What has riled the world is the uncertainty that the world has been thrown into. What will happen to the value of pound sterling now? The UK, as Rajan pointed out, has a large current account deficit. How will that impact other currencies? Will this be the beginning of the end of the EU? Will more companies now exit the grouping? Will it bring to an end the post-war world order that was based on free movement of goods and people? In a way, people of the UK have taken a leap into the dark.
Indian companies which have invested a lot in the UK should be worried. Over 800-plus Indian firms have invested $2.75 billion into Britain in the last few years. The Tata Motors stock has taken a beating as the Brexit could make its Jaguar and Land Rover cars manufactured in the UK less competitive in mainland Europe. Tata Steel may now find it even more difficult to find a buyer for its steel assets in the UK. Its shares have also fallen. Same is the case with other companies such as Motherson Sumi and Bharat Forge.
In terms of overall trade with Britain, experts do not expect a major impact.

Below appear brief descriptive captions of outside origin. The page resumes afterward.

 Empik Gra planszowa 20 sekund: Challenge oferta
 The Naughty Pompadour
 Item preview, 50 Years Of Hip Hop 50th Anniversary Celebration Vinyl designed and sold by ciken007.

Today the bilateral trade is $14.02 billion (Exports $8.83 billion and the remaining imports). A new bilateral deal needs to be put in place and considering the historic relations between the two countries, the trade is unlikely to decline. Some even say that in the absence of restrictive EU clauses, trade may well increase.
The exit vote has thrown up a much larger question. Are the governments in developed nations such as the UK or even the US doing enough to bridge the widening income disparity? The UK vote to leave the EU basically stemmed from the fear of immigrants and the likely worsening of the already-bad income inequality levels. The issue of income equality is today a larger question that even governments in developed world ponder over.